■ Work instruction: Reproduce exactly, from the data that follows, the line with "Birra Ichnusa (3x0,33l)", the line with "Recambio de radiador", and every line that lies between them.

Data records:
_ _ _
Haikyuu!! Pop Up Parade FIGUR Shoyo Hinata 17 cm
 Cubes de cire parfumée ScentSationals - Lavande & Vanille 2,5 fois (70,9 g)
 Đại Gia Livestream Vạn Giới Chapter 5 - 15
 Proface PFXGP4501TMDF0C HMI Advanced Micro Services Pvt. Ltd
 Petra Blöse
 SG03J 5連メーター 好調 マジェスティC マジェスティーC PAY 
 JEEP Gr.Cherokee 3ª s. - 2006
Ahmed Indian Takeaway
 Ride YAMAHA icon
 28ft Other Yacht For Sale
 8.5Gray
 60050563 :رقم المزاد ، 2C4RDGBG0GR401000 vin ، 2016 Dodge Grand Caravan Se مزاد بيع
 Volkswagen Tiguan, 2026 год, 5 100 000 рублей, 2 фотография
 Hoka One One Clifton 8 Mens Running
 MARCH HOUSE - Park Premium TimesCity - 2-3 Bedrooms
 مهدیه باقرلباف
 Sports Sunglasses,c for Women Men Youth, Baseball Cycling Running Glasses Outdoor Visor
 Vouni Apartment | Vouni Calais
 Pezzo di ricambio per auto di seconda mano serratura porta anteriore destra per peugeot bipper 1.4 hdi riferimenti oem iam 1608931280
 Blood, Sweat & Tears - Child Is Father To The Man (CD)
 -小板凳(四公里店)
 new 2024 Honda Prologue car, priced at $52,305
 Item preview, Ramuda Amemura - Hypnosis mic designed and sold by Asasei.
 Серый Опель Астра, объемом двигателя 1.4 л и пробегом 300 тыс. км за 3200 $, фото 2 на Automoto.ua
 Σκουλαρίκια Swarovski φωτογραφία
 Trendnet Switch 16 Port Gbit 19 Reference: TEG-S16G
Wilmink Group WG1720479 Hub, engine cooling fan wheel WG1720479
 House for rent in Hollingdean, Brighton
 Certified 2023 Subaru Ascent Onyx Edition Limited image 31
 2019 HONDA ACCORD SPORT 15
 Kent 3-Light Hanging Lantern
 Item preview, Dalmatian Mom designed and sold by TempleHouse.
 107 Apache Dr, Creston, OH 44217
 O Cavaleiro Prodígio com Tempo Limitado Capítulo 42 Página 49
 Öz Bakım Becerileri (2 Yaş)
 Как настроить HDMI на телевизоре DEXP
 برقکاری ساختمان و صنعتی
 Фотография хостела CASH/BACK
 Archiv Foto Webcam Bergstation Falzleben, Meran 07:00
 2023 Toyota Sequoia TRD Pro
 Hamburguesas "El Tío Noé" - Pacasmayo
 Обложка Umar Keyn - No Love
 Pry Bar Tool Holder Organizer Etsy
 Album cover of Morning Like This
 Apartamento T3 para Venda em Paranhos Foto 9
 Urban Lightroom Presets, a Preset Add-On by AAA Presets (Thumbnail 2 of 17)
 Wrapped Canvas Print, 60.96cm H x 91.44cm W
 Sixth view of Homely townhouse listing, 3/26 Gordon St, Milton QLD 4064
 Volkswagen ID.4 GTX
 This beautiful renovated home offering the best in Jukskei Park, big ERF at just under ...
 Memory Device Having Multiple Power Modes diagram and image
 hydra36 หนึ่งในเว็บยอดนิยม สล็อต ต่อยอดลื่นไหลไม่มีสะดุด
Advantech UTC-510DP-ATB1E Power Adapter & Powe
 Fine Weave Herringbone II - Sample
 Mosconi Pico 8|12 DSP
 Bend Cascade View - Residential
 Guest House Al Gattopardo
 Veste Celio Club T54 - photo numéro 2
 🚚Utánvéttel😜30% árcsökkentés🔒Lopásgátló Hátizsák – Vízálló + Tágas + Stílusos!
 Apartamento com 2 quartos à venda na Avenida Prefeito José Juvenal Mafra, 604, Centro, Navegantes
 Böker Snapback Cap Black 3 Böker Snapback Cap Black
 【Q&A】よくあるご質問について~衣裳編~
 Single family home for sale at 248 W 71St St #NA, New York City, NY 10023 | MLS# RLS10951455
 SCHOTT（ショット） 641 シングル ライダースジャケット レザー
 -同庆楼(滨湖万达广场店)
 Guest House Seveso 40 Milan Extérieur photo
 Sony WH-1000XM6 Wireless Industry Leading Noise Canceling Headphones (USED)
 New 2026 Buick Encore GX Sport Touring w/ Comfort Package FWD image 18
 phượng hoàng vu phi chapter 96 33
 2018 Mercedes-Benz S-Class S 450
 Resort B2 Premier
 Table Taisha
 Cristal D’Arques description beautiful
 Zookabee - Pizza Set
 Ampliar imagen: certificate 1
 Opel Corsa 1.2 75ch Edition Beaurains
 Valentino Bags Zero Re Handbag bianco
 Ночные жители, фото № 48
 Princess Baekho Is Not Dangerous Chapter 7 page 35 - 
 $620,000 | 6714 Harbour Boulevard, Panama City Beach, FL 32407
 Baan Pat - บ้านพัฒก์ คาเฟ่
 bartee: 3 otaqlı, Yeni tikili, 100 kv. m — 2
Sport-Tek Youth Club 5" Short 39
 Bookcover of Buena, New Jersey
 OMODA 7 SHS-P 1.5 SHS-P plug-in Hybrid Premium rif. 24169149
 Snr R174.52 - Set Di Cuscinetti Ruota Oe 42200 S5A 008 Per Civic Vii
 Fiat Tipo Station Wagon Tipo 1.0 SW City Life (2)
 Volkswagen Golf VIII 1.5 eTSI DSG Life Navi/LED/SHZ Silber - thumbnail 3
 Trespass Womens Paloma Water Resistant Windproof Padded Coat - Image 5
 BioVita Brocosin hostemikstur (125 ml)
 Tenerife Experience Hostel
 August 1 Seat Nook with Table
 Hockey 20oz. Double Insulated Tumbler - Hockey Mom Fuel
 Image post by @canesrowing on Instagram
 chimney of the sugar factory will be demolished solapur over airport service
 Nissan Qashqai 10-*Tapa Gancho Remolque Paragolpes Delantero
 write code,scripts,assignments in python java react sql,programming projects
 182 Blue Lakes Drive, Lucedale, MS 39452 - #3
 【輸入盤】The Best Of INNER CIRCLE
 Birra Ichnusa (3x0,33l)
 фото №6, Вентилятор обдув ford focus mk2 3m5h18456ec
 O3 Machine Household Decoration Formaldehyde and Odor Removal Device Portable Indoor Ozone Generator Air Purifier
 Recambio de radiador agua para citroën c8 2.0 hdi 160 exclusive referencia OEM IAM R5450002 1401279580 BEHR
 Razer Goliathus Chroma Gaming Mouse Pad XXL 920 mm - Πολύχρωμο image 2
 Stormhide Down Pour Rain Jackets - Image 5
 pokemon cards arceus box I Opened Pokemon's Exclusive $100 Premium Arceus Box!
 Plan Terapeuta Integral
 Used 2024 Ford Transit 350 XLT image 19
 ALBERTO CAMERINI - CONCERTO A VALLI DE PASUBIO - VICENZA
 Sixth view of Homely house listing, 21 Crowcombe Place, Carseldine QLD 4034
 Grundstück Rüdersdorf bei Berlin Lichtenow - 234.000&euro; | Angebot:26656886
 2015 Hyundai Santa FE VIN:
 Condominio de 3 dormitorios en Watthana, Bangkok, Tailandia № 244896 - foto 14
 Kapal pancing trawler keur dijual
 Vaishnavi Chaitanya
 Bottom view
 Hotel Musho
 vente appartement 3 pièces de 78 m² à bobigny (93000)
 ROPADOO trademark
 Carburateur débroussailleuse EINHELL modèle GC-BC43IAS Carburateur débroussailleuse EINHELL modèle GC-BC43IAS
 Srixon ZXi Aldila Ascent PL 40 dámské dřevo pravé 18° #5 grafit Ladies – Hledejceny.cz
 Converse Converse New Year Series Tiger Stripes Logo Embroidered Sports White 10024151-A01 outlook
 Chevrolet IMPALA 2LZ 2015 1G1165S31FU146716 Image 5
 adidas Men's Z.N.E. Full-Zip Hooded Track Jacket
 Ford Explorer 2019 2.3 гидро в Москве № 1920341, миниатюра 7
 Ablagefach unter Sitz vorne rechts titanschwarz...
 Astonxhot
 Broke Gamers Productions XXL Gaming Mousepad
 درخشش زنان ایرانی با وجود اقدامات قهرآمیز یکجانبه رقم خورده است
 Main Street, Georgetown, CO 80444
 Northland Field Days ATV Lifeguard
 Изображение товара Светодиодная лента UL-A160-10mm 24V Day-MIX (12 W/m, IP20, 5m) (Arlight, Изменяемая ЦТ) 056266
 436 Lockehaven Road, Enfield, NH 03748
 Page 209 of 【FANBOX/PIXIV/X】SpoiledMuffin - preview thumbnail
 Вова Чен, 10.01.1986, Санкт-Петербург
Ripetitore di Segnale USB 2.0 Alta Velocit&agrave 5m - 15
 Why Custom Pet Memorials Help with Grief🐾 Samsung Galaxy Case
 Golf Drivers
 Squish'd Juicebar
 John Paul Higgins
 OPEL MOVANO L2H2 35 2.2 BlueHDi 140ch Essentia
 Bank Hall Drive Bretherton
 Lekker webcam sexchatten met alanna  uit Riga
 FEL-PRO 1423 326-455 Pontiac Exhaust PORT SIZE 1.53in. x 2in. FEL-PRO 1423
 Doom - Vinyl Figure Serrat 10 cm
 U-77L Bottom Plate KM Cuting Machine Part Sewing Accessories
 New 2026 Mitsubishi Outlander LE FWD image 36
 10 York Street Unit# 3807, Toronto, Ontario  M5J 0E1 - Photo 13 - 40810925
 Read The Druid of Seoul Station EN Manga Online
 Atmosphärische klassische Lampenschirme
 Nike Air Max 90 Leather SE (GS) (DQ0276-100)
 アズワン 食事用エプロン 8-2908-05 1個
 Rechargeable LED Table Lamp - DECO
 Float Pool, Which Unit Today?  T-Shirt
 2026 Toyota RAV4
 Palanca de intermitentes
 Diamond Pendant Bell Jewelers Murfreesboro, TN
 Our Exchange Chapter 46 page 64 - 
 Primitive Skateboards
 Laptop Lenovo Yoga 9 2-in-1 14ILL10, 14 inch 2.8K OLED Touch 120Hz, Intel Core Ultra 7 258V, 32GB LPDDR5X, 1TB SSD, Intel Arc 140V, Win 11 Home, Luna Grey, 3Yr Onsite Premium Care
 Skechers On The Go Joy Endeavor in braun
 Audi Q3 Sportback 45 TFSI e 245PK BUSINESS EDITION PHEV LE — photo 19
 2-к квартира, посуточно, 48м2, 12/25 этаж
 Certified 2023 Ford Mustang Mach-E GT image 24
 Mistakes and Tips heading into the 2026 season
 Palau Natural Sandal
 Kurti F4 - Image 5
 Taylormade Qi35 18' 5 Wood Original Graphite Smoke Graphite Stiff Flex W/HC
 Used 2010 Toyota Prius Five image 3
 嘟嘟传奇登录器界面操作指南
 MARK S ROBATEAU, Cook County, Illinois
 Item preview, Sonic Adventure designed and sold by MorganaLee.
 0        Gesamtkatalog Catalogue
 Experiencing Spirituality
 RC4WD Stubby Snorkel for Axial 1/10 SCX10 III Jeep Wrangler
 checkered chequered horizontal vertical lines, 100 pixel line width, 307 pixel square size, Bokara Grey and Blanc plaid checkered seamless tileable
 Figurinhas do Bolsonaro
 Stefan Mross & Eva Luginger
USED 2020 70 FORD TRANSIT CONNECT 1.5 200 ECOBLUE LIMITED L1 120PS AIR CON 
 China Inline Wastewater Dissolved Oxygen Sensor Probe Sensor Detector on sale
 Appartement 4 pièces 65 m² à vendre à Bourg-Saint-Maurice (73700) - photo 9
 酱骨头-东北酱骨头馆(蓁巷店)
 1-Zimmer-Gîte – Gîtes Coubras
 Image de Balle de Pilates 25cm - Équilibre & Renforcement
_ _ _
■ Answer section:
 Birra Ichnusa (3x0,33l)
 фото №6, Вентилятор обдув ford focus mk2 3m5h18456ec
 O3 Machine Household Decoration Formaldehyde and Odor Removal Device Portable Indoor Ozone Generator Air Purifier
 Recambio de radiador agua para citroën c8 2.0 hdi 160 exclusive referencia OEM IAM R5450002 1401279580 BEHR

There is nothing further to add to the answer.